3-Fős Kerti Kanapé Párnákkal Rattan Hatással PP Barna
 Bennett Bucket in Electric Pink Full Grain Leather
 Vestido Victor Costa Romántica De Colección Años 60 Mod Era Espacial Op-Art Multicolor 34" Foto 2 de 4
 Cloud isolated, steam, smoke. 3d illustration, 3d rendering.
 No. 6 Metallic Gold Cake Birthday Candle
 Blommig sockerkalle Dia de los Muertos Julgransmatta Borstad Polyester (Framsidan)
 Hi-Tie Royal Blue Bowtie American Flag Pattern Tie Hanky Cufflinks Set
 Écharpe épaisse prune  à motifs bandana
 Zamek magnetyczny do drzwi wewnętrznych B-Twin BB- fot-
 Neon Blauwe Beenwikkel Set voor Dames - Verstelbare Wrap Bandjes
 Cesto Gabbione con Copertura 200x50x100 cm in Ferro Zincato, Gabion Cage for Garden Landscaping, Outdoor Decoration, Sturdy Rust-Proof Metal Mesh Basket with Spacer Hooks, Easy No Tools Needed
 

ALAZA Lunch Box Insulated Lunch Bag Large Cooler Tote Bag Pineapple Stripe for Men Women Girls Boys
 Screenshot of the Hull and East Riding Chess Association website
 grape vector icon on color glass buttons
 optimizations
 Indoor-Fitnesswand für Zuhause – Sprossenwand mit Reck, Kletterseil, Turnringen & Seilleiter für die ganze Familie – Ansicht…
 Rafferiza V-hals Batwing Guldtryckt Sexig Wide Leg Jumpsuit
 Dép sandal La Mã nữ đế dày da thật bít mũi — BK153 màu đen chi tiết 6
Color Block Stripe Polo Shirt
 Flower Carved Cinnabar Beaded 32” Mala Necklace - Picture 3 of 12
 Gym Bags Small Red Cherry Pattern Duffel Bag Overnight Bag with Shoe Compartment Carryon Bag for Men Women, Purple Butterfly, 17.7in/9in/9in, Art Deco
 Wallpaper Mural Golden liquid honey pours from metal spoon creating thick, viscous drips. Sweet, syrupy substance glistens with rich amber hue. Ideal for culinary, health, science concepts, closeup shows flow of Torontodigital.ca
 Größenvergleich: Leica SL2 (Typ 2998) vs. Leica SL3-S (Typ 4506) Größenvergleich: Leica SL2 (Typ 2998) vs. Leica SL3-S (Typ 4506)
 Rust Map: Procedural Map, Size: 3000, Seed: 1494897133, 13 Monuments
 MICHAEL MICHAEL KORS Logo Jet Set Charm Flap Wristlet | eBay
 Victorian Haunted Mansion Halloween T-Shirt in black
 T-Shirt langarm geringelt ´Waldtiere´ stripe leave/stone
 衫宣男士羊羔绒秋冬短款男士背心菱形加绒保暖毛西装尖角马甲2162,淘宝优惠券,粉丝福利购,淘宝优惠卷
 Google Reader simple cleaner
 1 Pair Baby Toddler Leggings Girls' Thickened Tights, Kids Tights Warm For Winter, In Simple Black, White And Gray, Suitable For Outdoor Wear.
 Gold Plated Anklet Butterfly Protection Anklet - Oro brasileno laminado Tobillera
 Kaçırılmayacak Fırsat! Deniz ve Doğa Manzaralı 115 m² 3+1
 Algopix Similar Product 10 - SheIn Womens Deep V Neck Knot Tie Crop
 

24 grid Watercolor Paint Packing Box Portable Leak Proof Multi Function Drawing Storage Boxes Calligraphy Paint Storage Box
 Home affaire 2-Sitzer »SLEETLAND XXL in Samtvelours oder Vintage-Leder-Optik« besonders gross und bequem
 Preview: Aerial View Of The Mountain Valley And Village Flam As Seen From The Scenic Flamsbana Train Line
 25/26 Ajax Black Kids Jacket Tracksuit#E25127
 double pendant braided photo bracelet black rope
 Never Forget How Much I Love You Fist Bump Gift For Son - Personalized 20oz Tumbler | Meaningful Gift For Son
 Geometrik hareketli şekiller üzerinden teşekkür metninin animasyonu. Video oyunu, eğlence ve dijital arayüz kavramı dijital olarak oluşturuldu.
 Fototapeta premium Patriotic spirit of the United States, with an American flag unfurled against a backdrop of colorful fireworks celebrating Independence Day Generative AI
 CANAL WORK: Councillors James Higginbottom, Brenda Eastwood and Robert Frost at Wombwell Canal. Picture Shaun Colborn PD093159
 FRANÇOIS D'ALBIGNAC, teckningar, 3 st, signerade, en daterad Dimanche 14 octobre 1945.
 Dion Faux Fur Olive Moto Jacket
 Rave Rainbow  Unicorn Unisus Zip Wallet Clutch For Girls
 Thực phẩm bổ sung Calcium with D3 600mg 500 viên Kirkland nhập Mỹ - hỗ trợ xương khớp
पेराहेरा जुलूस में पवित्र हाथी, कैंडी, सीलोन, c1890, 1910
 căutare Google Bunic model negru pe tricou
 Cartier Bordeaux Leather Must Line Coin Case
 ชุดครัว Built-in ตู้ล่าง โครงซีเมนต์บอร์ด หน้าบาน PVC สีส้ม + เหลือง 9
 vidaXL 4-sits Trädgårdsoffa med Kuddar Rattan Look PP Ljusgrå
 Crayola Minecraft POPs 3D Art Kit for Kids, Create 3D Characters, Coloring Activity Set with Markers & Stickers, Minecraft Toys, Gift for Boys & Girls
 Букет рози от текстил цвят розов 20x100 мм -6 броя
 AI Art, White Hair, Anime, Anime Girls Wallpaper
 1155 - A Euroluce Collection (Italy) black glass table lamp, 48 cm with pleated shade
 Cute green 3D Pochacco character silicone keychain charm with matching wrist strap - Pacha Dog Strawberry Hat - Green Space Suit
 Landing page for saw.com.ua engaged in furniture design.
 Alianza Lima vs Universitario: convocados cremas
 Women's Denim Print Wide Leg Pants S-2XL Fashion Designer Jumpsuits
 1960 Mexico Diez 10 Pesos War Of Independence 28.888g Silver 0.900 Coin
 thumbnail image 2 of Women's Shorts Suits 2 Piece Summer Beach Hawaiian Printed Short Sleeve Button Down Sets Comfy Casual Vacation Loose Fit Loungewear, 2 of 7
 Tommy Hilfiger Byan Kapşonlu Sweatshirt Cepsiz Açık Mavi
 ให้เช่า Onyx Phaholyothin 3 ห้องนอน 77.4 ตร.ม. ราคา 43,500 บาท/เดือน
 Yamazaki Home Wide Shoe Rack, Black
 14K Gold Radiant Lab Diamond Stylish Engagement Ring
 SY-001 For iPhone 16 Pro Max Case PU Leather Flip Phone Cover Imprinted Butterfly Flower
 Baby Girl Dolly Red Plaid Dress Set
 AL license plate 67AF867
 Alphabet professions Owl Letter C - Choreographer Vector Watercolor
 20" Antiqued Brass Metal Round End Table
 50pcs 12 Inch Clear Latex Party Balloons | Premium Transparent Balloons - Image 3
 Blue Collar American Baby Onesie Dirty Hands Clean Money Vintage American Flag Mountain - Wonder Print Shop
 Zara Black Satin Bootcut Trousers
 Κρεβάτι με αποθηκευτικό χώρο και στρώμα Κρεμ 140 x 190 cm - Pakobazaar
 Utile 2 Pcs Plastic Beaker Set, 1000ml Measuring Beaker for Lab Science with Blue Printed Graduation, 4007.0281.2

- - -

**WHAT THIS TASK INVOLVES:**
Starting at the line above that contains "Clutch For Girls", write out each line exactly until the line that contains "1155 - A Euroluce" has been written, and stop there.

**YOUR SOLUTION:**
 Rave Rainbow  Unicorn Unisus Zip Wallet Clutch For Girls
 Thực phẩm bổ sung Calcium with D3 600mg 500 viên Kirkland nhập Mỹ - hỗ trợ xương khớp
पेराहेरा जुलूस में पवित्र हाथी, कैंडी, सीलोन, c1890, 1910
 căutare Google Bunic model negru pe tricou
 Cartier Bordeaux Leather Must Line Coin Case
 ชุดครัว Built-in ตู้ล่าง โครงซีเมนต์บอร์ด หน้าบาน PVC สีส้ม + เหลือง 9
 vidaXL 4-sits Trädgårdsoffa med Kuddar Rattan Look PP Ljusgrå
 Crayola Minecraft POPs 3D Art Kit for Kids, Create 3D Characters, Coloring Activity Set with Markers & Stickers, Minecraft Toys, Gift for Boys & Girls
 Букет рози от текстил цвят розов 20x100 мм -6 броя
 AI Art, White Hair, Anime, Anime Girls Wallpaper
 1155 - A Euroluce Collection (Italy) black glass table lamp, 48 cm with pleated shade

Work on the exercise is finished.